Problem requirements: The answer must consist only of the lines in the records below from the line with "So I'm really" to the line with "In the United", both included, copied word for word with every picture left out.

Records for the task:
=== Section Start ===
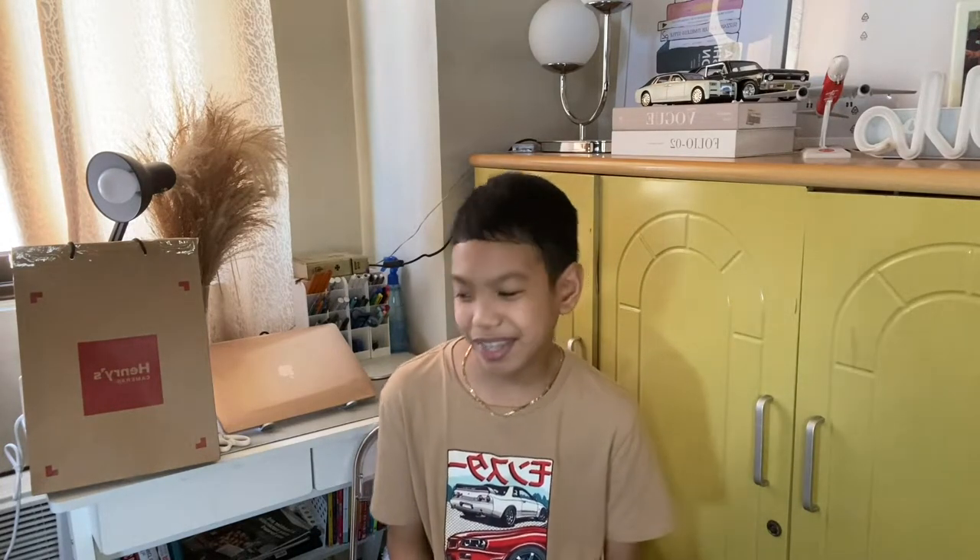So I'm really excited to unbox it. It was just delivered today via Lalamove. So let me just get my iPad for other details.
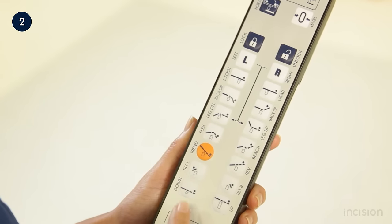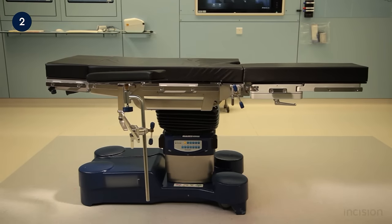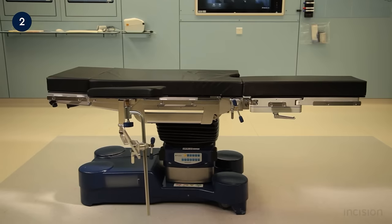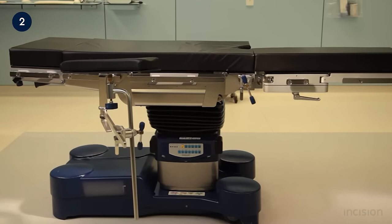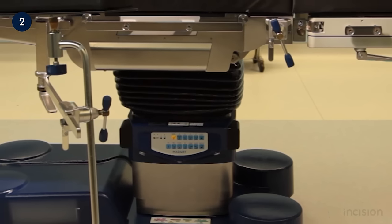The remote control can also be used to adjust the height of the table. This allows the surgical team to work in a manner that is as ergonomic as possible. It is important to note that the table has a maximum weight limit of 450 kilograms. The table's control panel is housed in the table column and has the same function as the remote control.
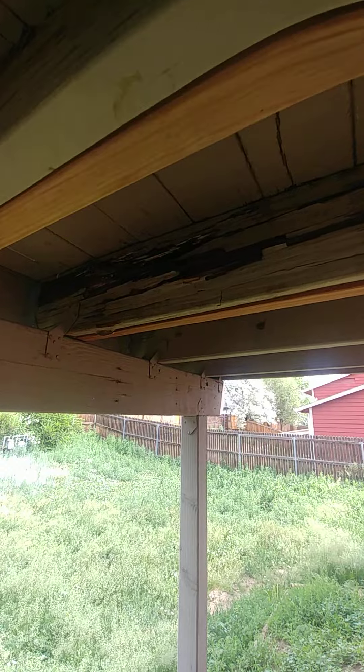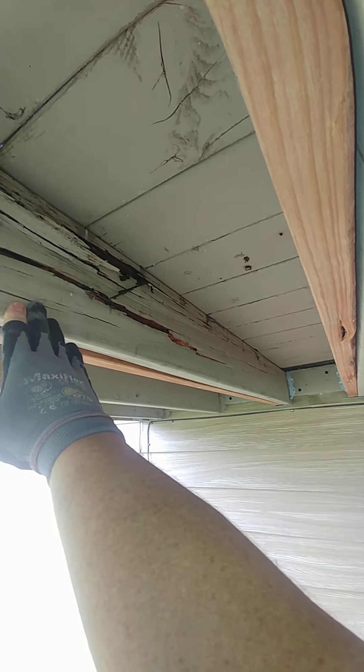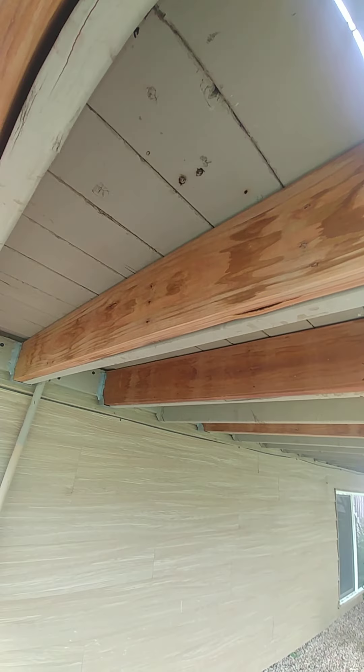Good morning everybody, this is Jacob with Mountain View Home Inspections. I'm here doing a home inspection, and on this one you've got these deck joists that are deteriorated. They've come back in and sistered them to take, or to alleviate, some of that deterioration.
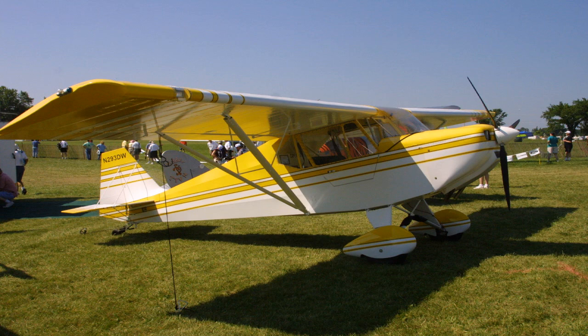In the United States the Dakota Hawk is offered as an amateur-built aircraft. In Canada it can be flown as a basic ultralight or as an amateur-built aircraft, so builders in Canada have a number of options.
=== Section End ===
=== Section Start ===
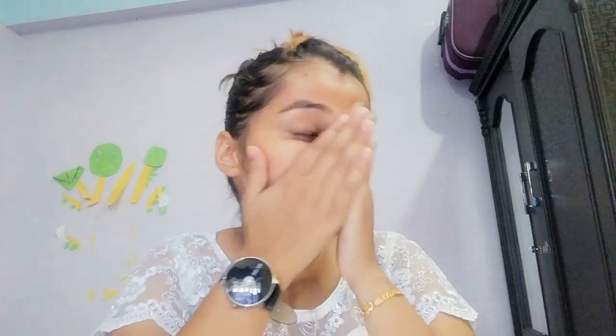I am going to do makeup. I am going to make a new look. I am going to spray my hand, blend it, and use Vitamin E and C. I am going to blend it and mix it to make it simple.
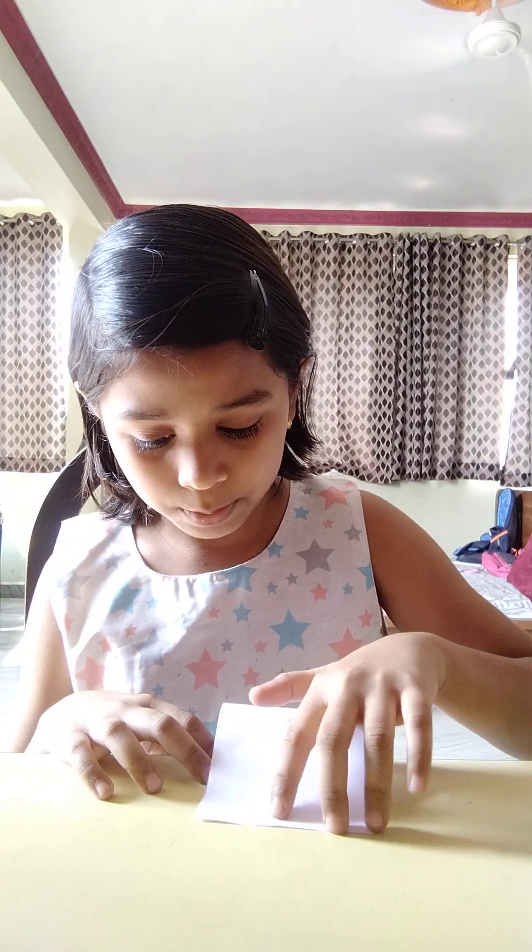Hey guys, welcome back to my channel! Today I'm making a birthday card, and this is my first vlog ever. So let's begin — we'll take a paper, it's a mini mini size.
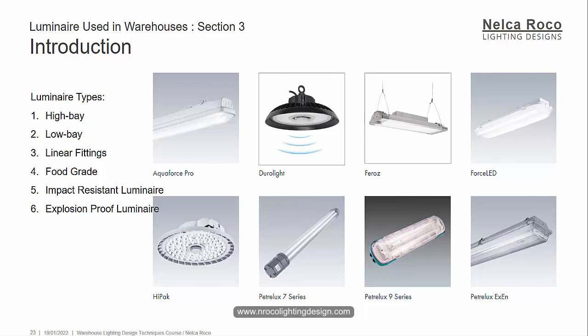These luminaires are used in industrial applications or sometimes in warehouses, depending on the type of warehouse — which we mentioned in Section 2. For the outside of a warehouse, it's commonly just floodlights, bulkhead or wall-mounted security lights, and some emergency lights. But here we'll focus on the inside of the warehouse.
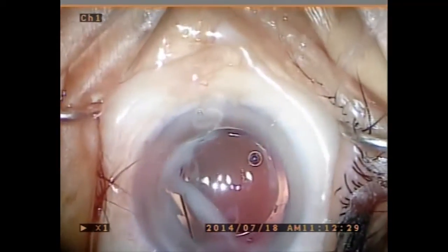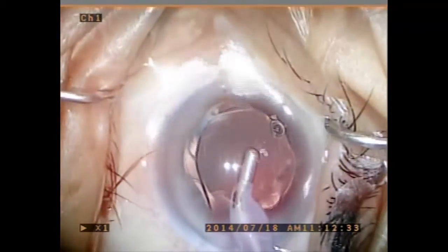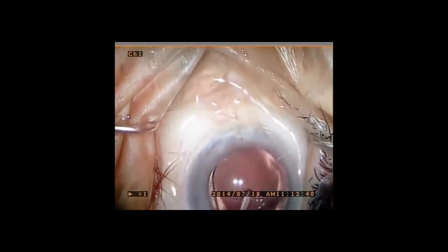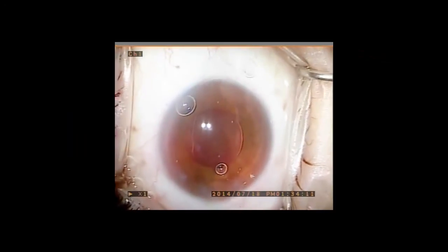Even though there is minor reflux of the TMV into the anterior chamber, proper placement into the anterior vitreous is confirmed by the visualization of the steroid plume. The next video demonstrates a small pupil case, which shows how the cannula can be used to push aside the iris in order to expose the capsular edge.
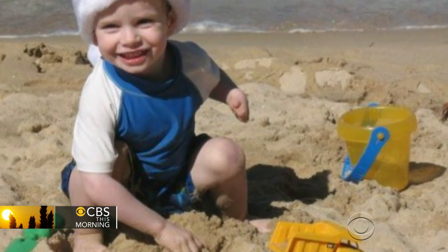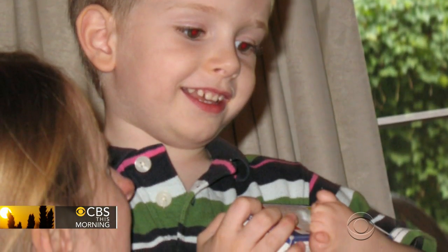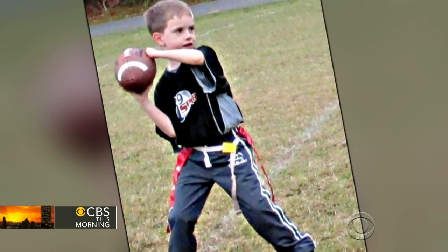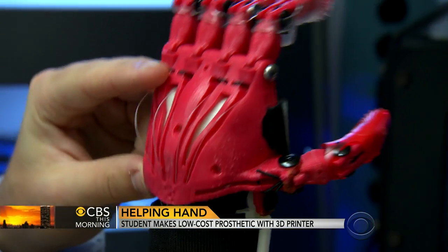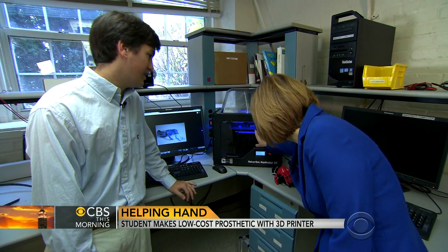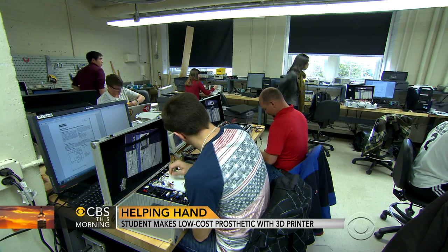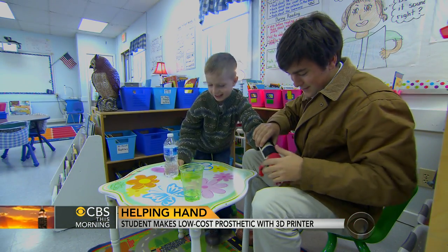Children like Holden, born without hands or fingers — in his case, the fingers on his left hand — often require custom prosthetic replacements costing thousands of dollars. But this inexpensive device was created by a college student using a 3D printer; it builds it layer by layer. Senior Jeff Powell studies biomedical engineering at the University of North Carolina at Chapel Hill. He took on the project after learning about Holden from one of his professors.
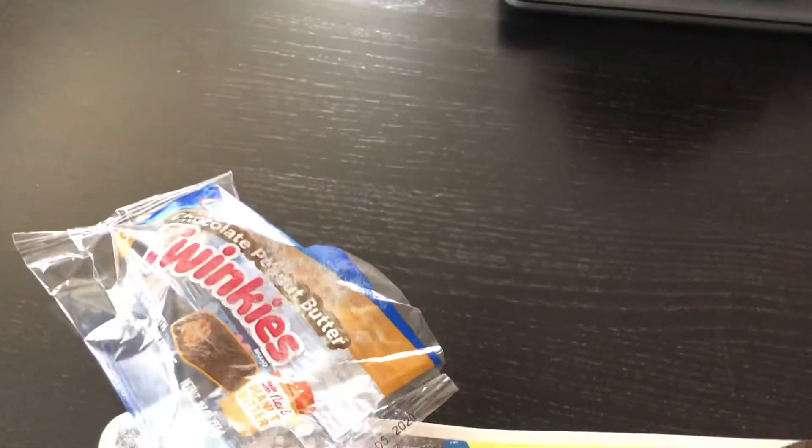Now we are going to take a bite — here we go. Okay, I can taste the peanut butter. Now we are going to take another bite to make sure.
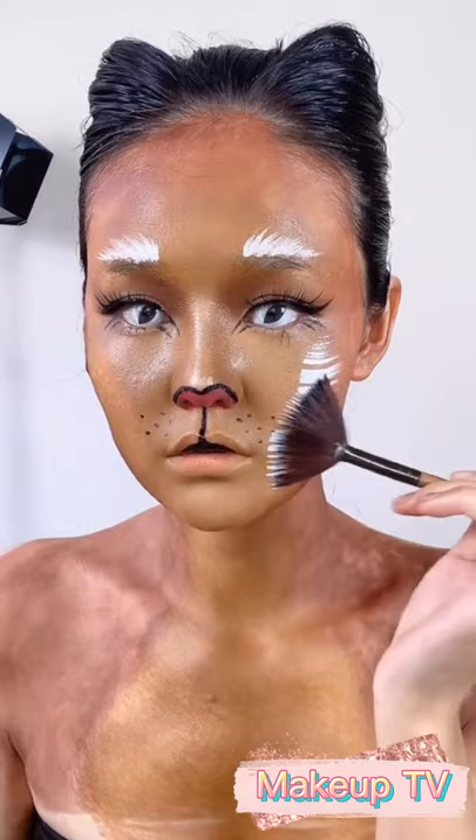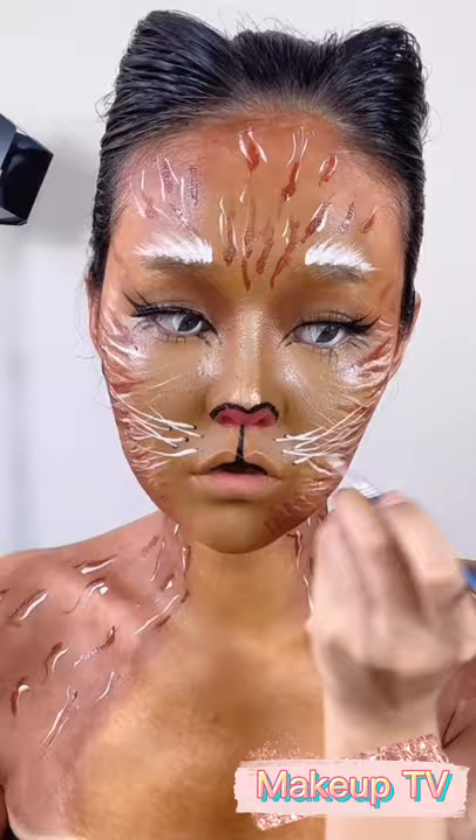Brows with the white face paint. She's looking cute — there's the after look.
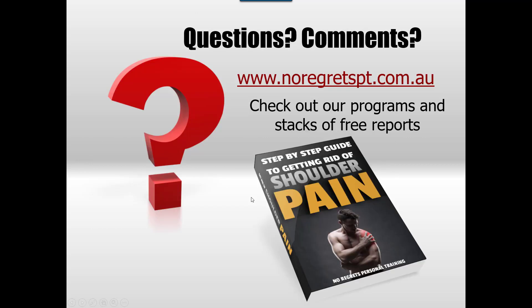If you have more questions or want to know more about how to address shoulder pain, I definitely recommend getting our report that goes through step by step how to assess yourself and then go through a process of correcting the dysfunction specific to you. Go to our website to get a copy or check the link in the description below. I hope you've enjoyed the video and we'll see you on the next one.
=== Section End ===
=== Section Start ===
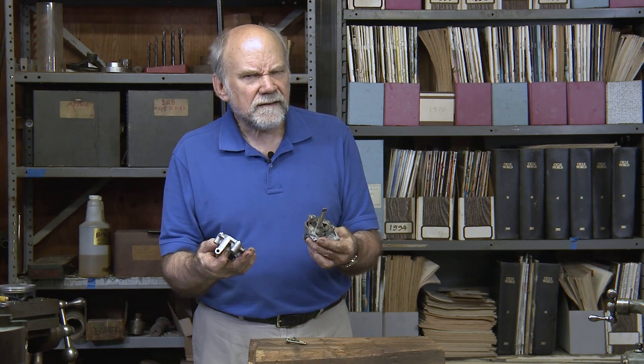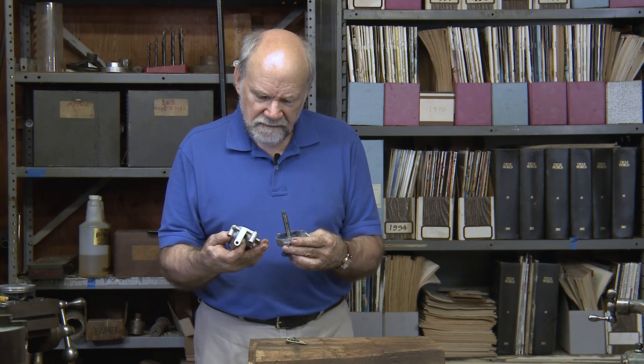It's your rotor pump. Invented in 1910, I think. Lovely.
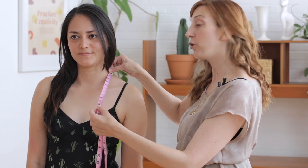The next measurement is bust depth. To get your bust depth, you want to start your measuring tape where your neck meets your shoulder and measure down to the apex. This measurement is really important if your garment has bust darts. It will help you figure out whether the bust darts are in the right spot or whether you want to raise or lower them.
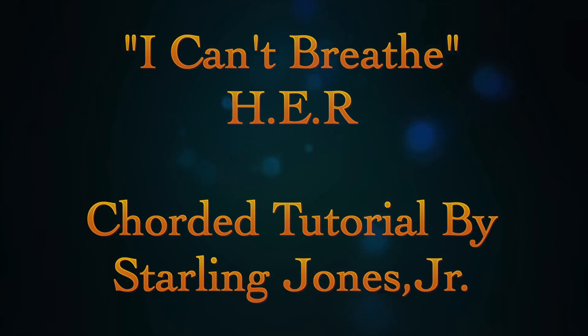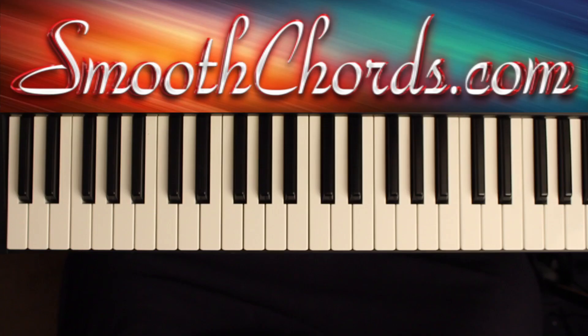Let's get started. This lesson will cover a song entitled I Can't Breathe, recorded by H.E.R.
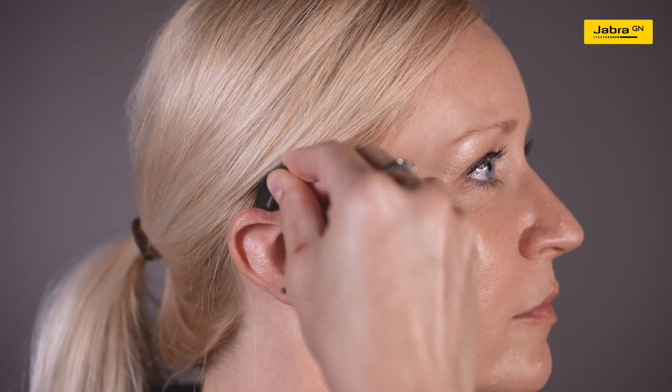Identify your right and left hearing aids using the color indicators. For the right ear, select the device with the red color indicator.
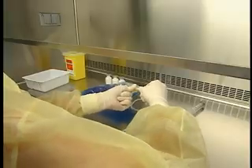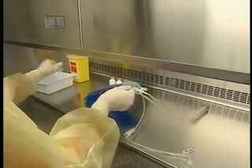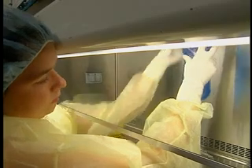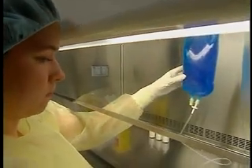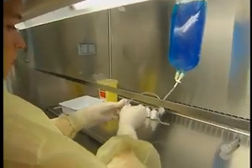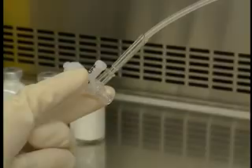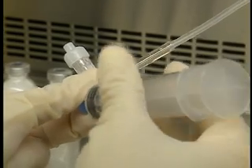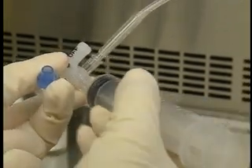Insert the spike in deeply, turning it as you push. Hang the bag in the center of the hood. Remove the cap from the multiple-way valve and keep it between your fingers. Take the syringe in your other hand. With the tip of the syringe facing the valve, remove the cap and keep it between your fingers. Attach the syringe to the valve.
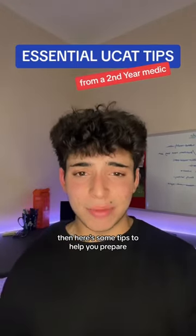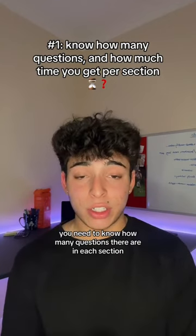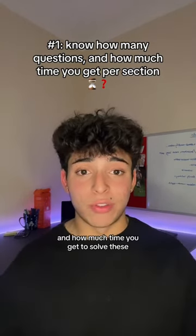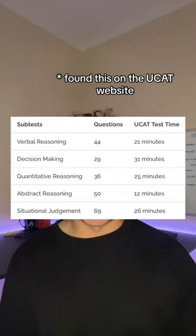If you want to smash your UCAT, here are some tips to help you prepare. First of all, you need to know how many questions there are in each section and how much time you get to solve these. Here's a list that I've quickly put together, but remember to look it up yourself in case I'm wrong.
=== Section End ===
Your response:
So I'm really excited to unbox it. It was just delivered today via Lalamove. So let me just get my iPad for other details.
The remote control can also be used to adjust the height of the table. This allows the surgical team to work in a manner that is as ergonomic as possible. It is important to note that the table has a maximum weight limit of 450 kilograms. The table's control panel is housed in the table column and has the same function as the remote control.
Good morning everybody, this is Jacob with Mountain View Home Inspections. I'm here doing a home inspection, and on this one you've got these deck joists that are deteriorated. They've come back in and sistered them to take, or to alleviate, some of that deterioration.
In the United States the Dakota Hawk is offered as an amateur-built aircraft. In Canada it can be flown as a basic ultralight or as an amateur-built aircraft, so builders in Canada have a number of options.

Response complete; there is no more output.